The method for producing a rare earth magnet material according to claim 7, wherein the homogenization treatment is performed for 100 hours. 【請求項９】 窒化処理後に、真空中あるいは不活性ガ
ス中（Ｎ₂ガスを除く）で３００〜６００℃×０.５〜５
０時間の熱処理を行うことを特徴とする請求項７または
８に記載の希土類磁石材料の製造方法。
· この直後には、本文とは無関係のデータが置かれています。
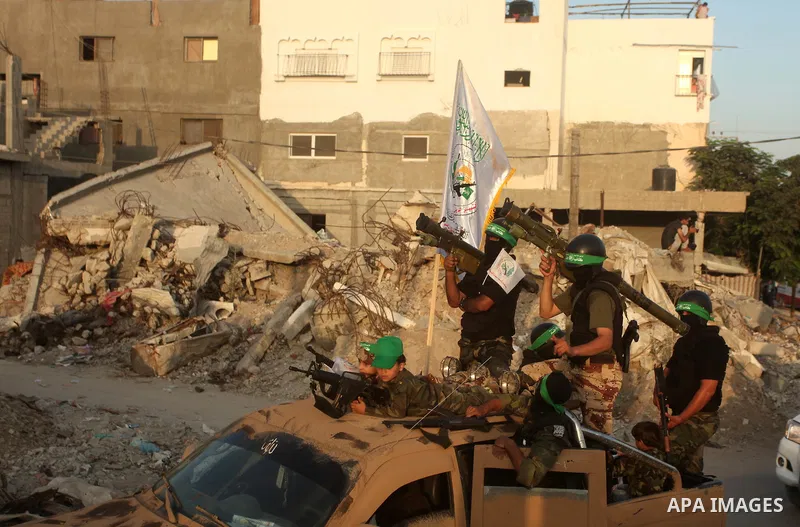 Members of Ezzedeen al-Qassam brigades, the armed wing of Hamas movement, take part in an anti-Israel parade in Beit Hanoun, in the northern Gaza Strip, on August 11, 2015. Photo by Ashraf Amra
9. After the nitriding treatment, in a vacuum or in an inert gas (excluding N ₂ gas), 300 to 600 ° C. × 0.5 to 5 ° C.
9. The method for producing a rare earth magnet material according to claim 7, wherein a heat treatment is performed for 0 hours. 【請求項１０】 ０．２〜１０ａｔｍのＮ₂ガス、Ｈ₂が
１〜９５モル％で残部Ｎ₂からなるＨ₂とＮ₂の混合ガ
ス、ＮＨ₃のモル％が１〜５０％で残部Ｈ₂からなるＮＨ
₃とＨ₂の混合ガスのうちのいずれかの雰囲気中で３００
〜６５０℃×０．１〜３０時間保持する窒化処理を行う
ことを特徴とする請求項７乃至９のいずれかに記載の希
土類磁石材料の製造方法。10. A mixed gas of H ₂ and N ₂ consisting of 0.2 to 10 atm of N ₂ gas, H _{2 of} 1 to 95 mol% and the balance N ₂ , and NH ₃ of 1 to 50 mol% of the balance NH consisting of H ₂
300 in any atmosphere of the mixed gas of ₃ and H ₂
The method for producing a rare-earth magnet material according to any one of claims 7 to 9, wherein a nitriding treatment is performed at a temperature of 650C for 0.1 to 30 hours.